Last week, the Los Angeles Dodgers and San Francisco Giants did battle for the first time in 2022, with LA sweeping the two-game set. One of those contests featured a win over San Fran’s “ace” in Carlos Rodón, who was their marquee signing this offseason.
Not many fans realized at the time, but Rodón and Dodgers star shortstop Trea Turner were college teammates at North Carolina State! What do you know!
After that bit of news made some fuss, it was later revealed that Turner actually tried to recruit Rodón to the Dodgers this past offseason. And before we thought deeper into it, the story made total sense! Former college teammates, Rodón was a free agent, the Dodgers needed starting pitching. It all checks out.
But was Rodón actually even under consideration by the Dodgers? There weren’t really even any rumors circulating that linked the two and it was evident the front office was going to stop somewhere in regard to the escalating payroll.
When the offseason began, LA immediately re-signed Chris Taylor.

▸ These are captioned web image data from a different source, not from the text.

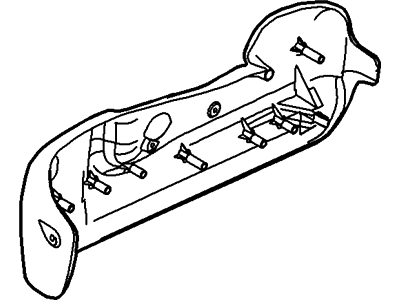 Ford 5C3Z-1862186-BAA Shield Assembly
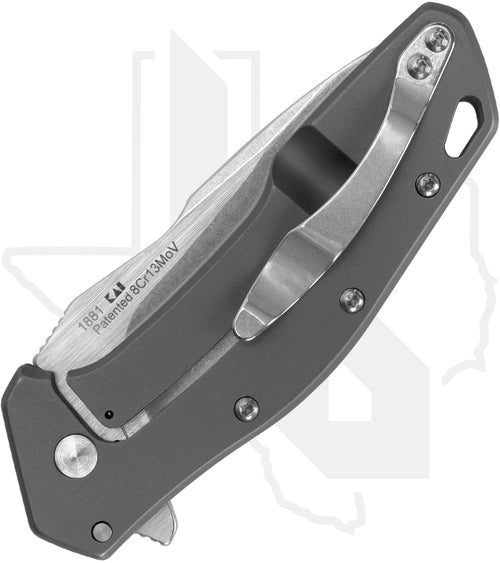 Kershaw Eris 1881 - Gray, Stonewash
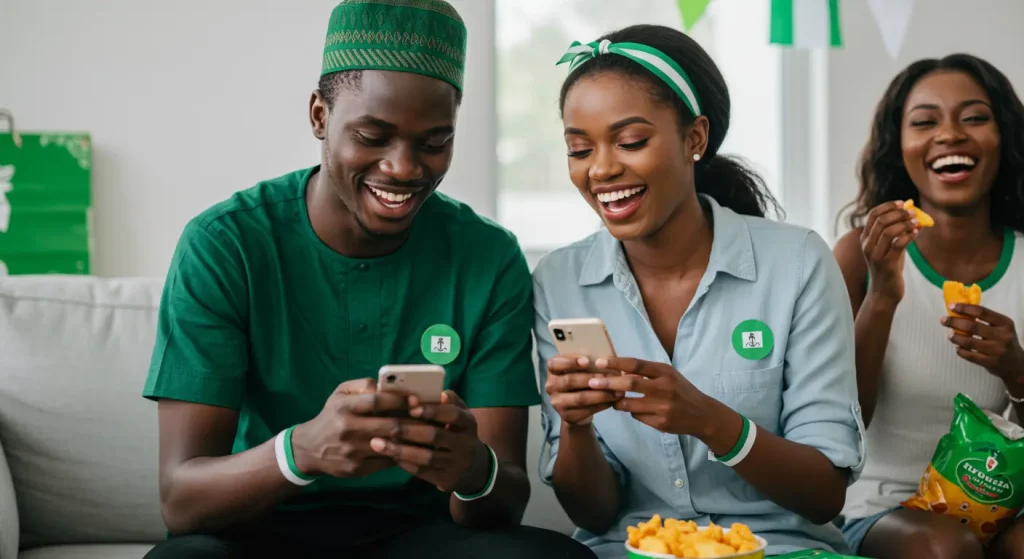 Nigerians sending Happy Independence Day messages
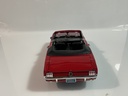 1/18 MOTORMAX 1964 MUSTANG RED ON BLACK  - Photo 3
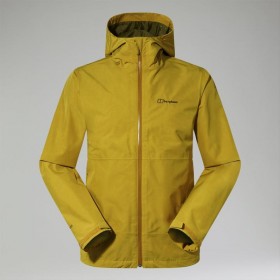 メンズ Bramblfell InterActive Gore-Tex 防水ジャケット - イエロー | Berghaus Waterproof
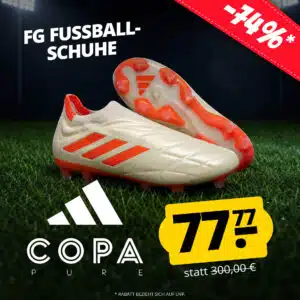 Unisex-Fußballschuh adidas Copa Pure+ FG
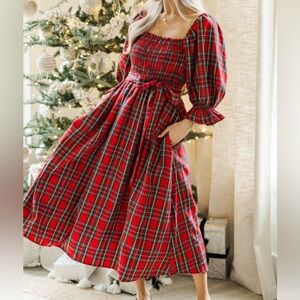 Plaid Midi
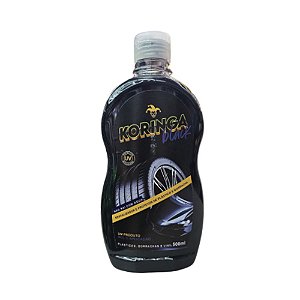 Koringa Black 500ML Autroll (Revitalizador Plásticos, Borrachas e Vinil)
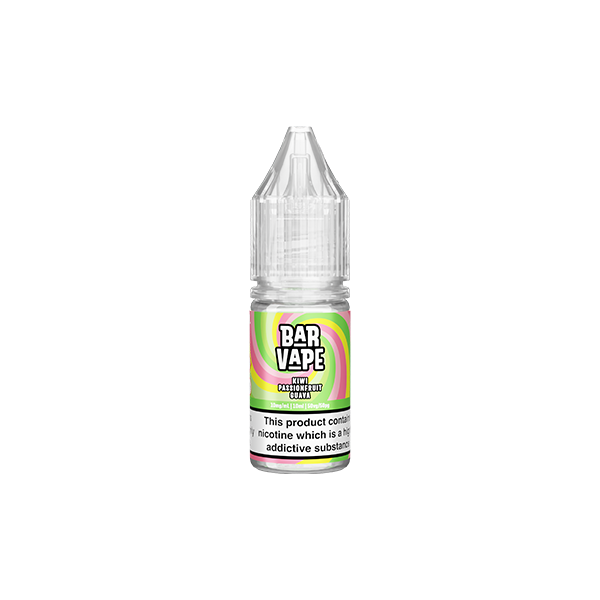 10mg Bar Vape 10ml Nic Salts (50VG/50PG) - Flavour: Fizzy Cherry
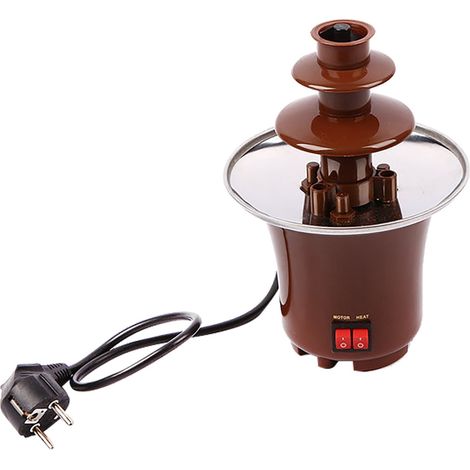 Fontaine À Chocolat - 3 Niveaux - Pour Fondue Chocolat - Usage Domestique - 1 Pièce (1/4)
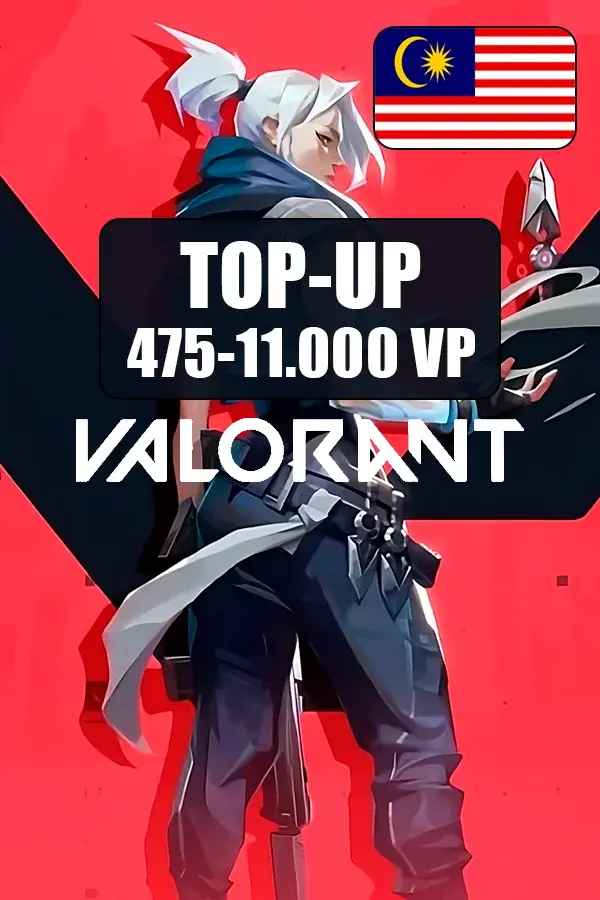 Buy Valorant Points Top-Up for Malaysia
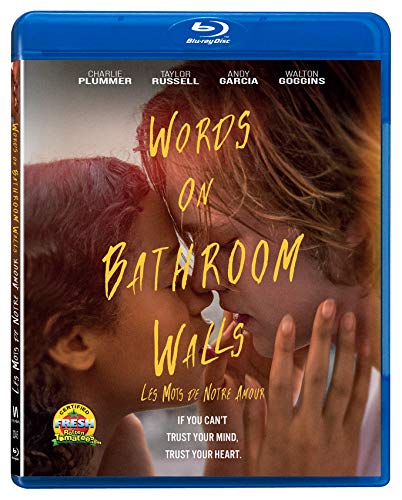 Words On Bathroom Walls – Les Mots De Notre Amour (Blu-ray, VF/EN)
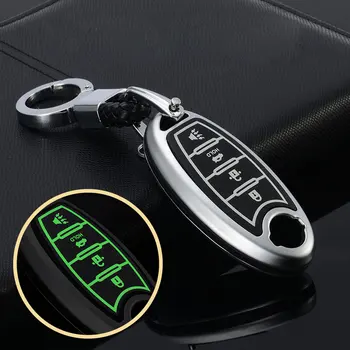 

Zinc Alloy Fob Cover Key Cases For Nissan Versa Maxima Altima Rogue Armada Sentra Murano for Infiniti FX35 QX60 Smart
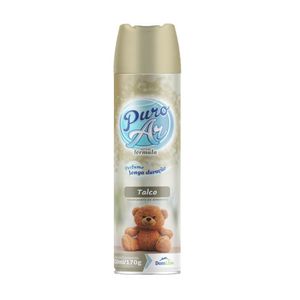 Aromatizador de Ambientes Aerossol PURO AR Talco Spray 350ml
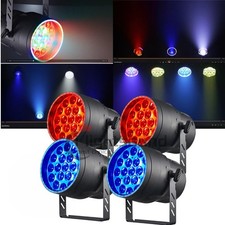 4pc/lot new osram led par 19x15W RGBW Zoom par can dj stage light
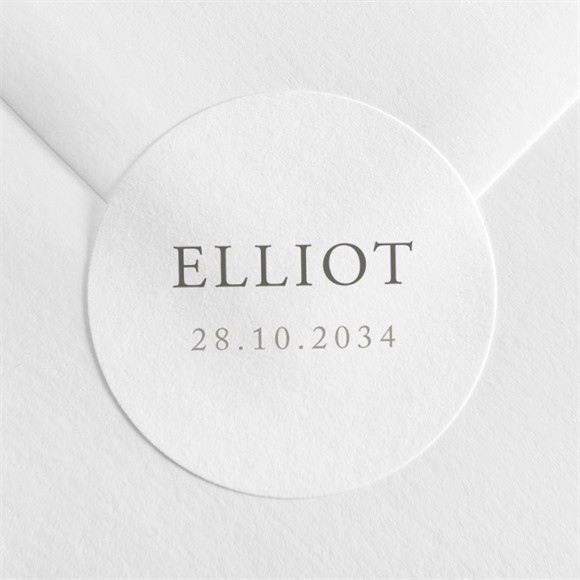 Sticker Geburt Fotosammlung ref.N3602208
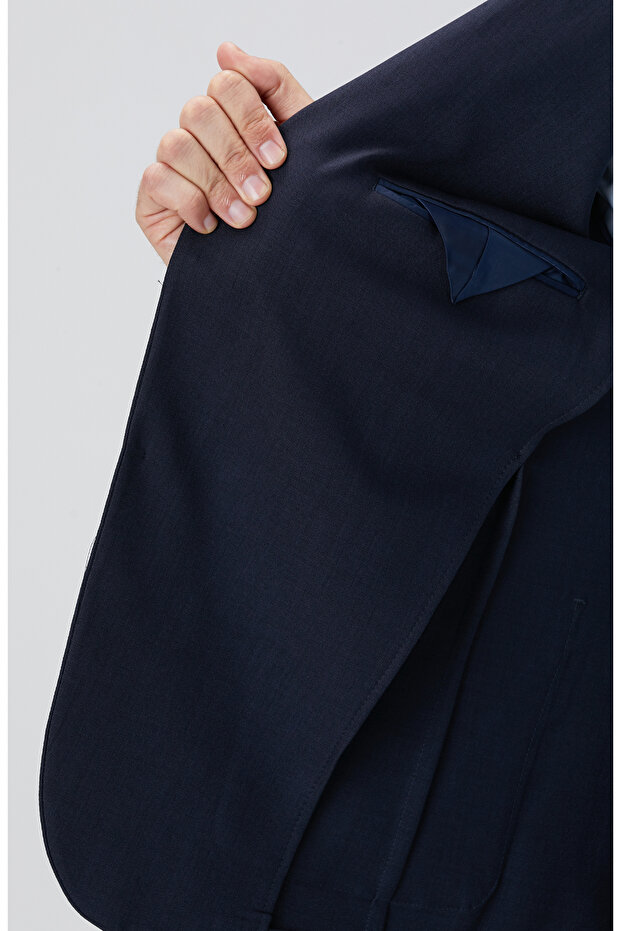Lacivert Takım Elbise - 8
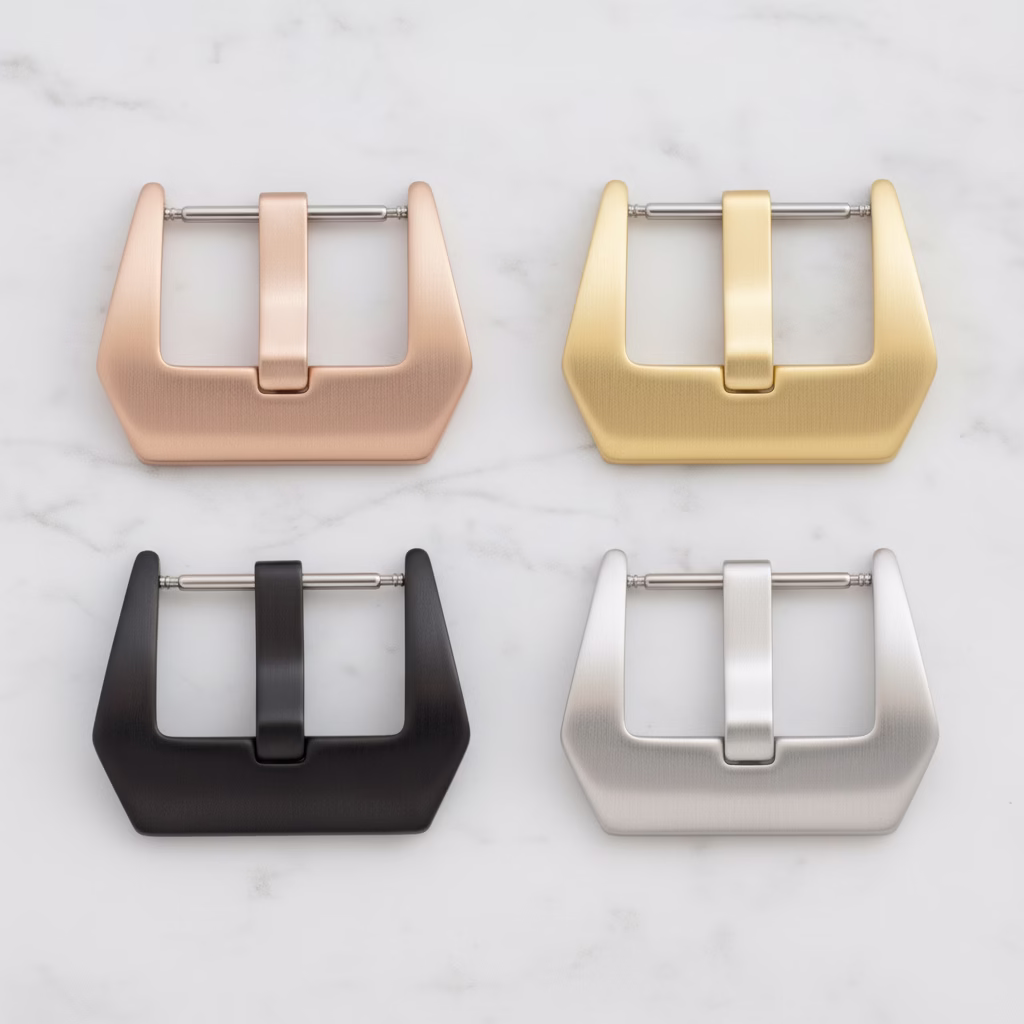 Invella Pre-V Watch Buckle for Leather & Rubber Straps – 18mm / 20mm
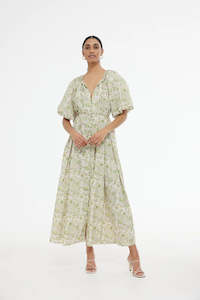 Sale: Violet Dress-Flora Bloom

As the lockout dragged on, it was clear they were prioritizing Clayton Kershaw (assuming he wanted to return), cheaper depth rotation options, bullpen pieces, and, of course, Freddie Freeman.
With Rodón’s price tag always expected to be in the $20+ million range, was he ever really in the Dodgers plans? Or was Turner “recruiting” out of turn and taking a shot in the dark?
Trea Turner tried recruiting Carlos Rodón to the Dodgers this offseason
"“Turner’s wife Kristen and Rodón’s wife Ashley remain close. And the former roommates attended a wedding together this winter as Rodón hit free agency. Turner tried selling him on the fit with a franchise that would go on to add not one, but two perennial All-Stars in Freddie Freeman and Craig Kimbrel after Rodón signed elsewhere.”"
Perhaps if Freeman wasn’t on the table, then maybe this would’ve been a potential fit, but the offseason rumors far from suggested that was the case. The Dodgers were connected to Freeman before, during and after the lockout. Rodón’s name hardly (if ever) even popped up in rumors. And the front office knew they had to spend on a closer with Kenley Jansen quickly departing for the Atlanta Braves, which left their hands tied financially as they approached the “Cohen Tax” of $290 million.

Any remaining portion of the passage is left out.